It’s for this reason that the traditional Paddock Club viewing suites are supplemented by a staggering list of alternative immersive experiences, such as the Casa Tua trackside nightclub, an artificial marina full of race-facing yachts and a ‘Hard Rock Beach Club’ between turns 11 and 13, boasting pools, famous DJs and even the odd mermaid. A pageantry you certainly wouldn’t find at Spa or Monza.

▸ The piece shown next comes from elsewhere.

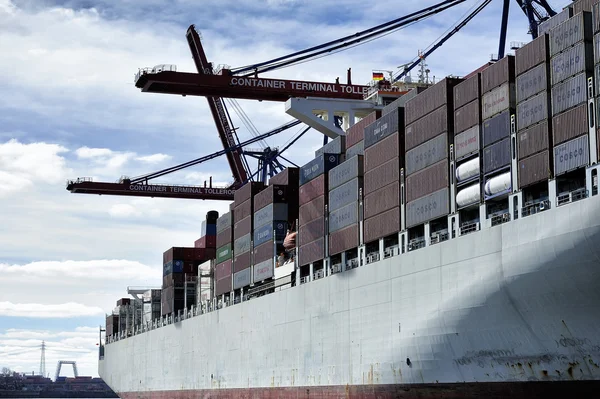 Embarcación de contenedores en el puerto de Hamburgo (Hamburger Hafen), Alemania . —  Fotos de Stock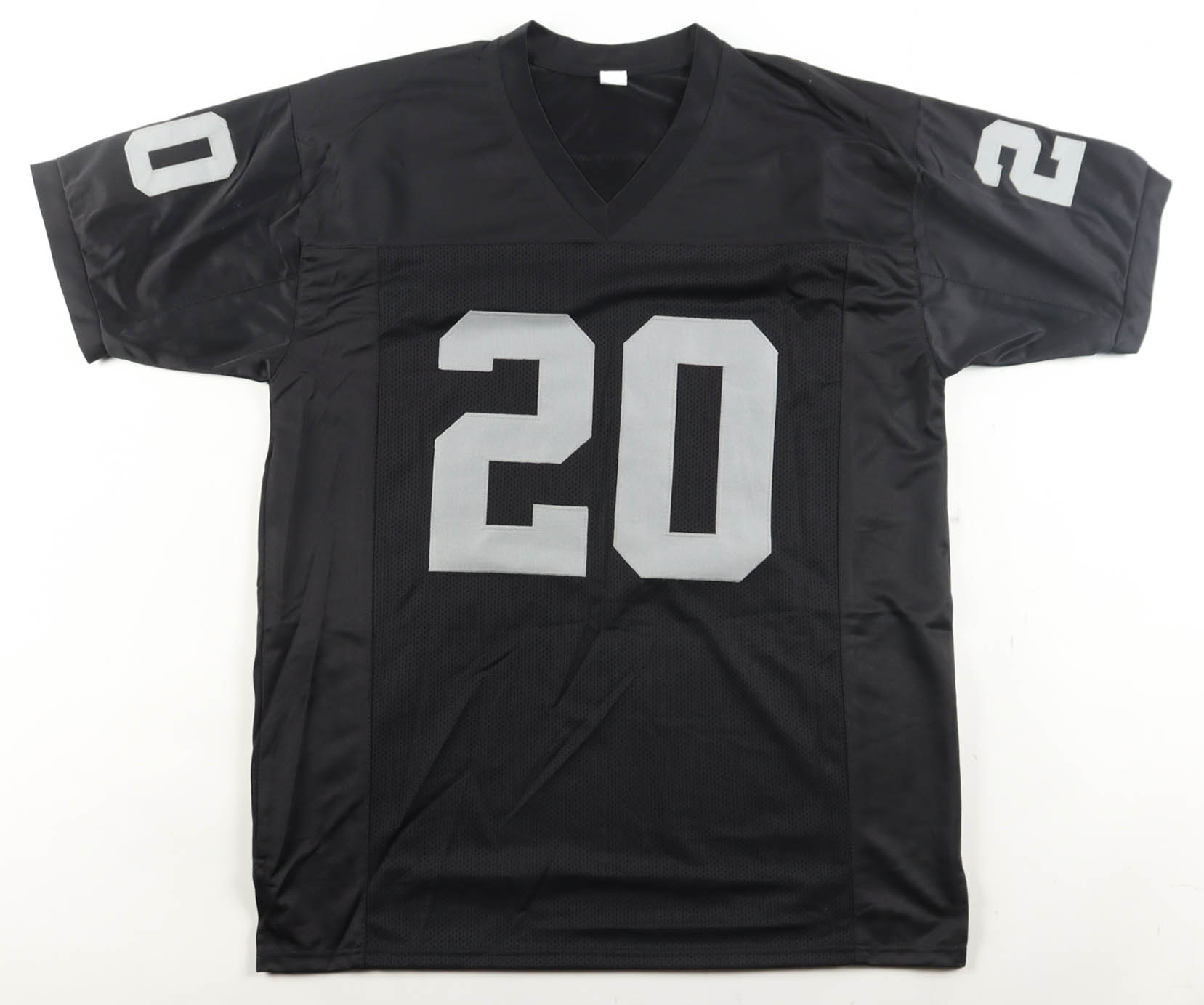 Darren McFadden Signed Jersey (Beckett & McFadden) at PristineAuction.com Darren McFadden Signed Jersey (Beckett & McFadden) at PristineAuction.com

For watch brands, the attending wealth is especially significant. “We knew this was the venue for us to present the Monaco rattrapante,” says Tag Heuer Heritage Director Nicholas Biebuyck, “So we had a private dinner on the Thursday night, and invited only 20 or so special guests who are either prospective or previous buyers of the rattrapante.” Sitting at $230,626(or 155,000 Swiss Francs for the customised version), this isn’t your typical Tag. “With this watch we know we are going to have to go after a very different audience,” Biebuyck continues, “and Miami is the place to do that.”

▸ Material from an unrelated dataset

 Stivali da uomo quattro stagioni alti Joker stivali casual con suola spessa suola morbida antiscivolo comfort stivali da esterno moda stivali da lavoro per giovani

This is also where Ferrari and McLaren partner Richard Mille, whose entry-level watch is still five-figures, really comes into its own. At no other race globally will you see so many general punters splurging $228,720 on an RM 67-02.

Jostling for position on the wrists of celebrity attendees is a rare 18k Gold Rolex GMT II with factory set diamonds on Miami Heat’s Jimmy Butler, NFL player Odell Beckham Junior’s astonishing $500,000 ($758,588) blue ceramic Audemars Piguet Royal Oak Perpetual Calendar and GP-winner Lando Norris’ hand-decorated, sapphire crystal Richard Mille 67-02 ‘High Jump’. An honourable mention goes to Travis Kelce for personifying the whole spectacle in a garish green Givenchy two-piece, Bottega sunglasses, a backwards Alpine cap and sporting his favourite Rolex Submariner 126610.

“The challenge that we’re now presented with,” admits Biebuyck, “is how to handle that delta between the enthusiast viewership and those who see race weekends more as a party. And watch presentation is the canary in the coal mine for that.”

Of the various places where you can see that gulf at its widest, Miami is probably top of the list. Between the Hard Rock mermaids, Kelce causing chaos among Swifties and Donald Trump (in a Rolex) sauntering around the starting grid, pointing and fist-bumping at a baying grandstand, Florida’s grand prix has so much going on that it would be easy to lose sight of the reason we’re all supposed to be there – the race itself. For flush Miami locals, the $19-38,000 price of a Paddock Club pass is on par with just one strap of an RM 027, so if you’re caught up in Casa Tua and forget to glimpse the track, perhaps it doesn’t feel like such a big deal. The interplay between sport and spectacle is complex, to be sure, and the calibre of watch on show in Miami reflects both America’s boon to the Formula 1 industry, and the risk that conspicuous consumerism might become the main attraction.